Before I get too critical of the state and its approach to involving young people in democratic processes, I have to ask if I am pointing out the speck in the eye of the Establishment, but ignoring the massive plank in the practices of the Christian faith I embrace. Whilst things are slowly improving, the church does not have a good track record of empowering young people and involving them in decision-making processes. Generalisations are always open to criticism, but I do not see too many places of faith giving children and young people, for example, full membership and voting rights. Committees and decision-making bodies are too often ‘adult only’ domains, or at best ones giving a tokenistic nod to the empowerment of young people and young adults.
Whilst we appear to have the title, branding and premise of a democracy, we seem a long way from this being something of real meaning and substance that serves everybody. Voting is just one action that can be taken to influence what the state, or church for that matter, does. Our democracy and expectation needs to go beyond simply asking people, young or old, to vote now and again.
The current voting age is an arbitrary boundary established by existing power-holders and, yes, we could lower the voting age. It has been 16 in the Crown Dependencies of Jersey, Guernsey, and the Isle of Man for several years and empowering 16 and 17 year olds had a dramatic effect in the Scottish Independence referendum. However, I believe we need to much more fully equip and inspire young people, to be fully involved in democratic processes – activism, campaigning, lobbying, advocating and, if necessary peaceful civil disobedience and dissent.

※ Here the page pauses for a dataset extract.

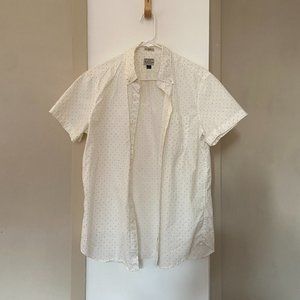 JCrew Short Sleeve Slim Fit White and Navy Polka Dot Shirt - Men's Medium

By his own admission, Russell Brand led a dysfunctional life, fuelled by substance abuses and driven by hedonistic goals. Having read his latest book and listened to him speak, I am in no doubt he has had a transformative spiritual experience and/or faith encounter. He is a reformed character. He understands the role faith plays in realising a better world. He understands Jesus (not in exclusive terms) as a ‘protagonist… from another dimension… saving humanity… ’. Fortunately, he maintains his zeal and wild side, but now channels this into the type of democratic activism I think we need to educate and empower our young people in. If we did, I dare to believe we would see less disillusionment with ‘what is’ and more opportunities to develop ‘what might be’: ourselves being protagonists and saving humanity, in whatever way we can.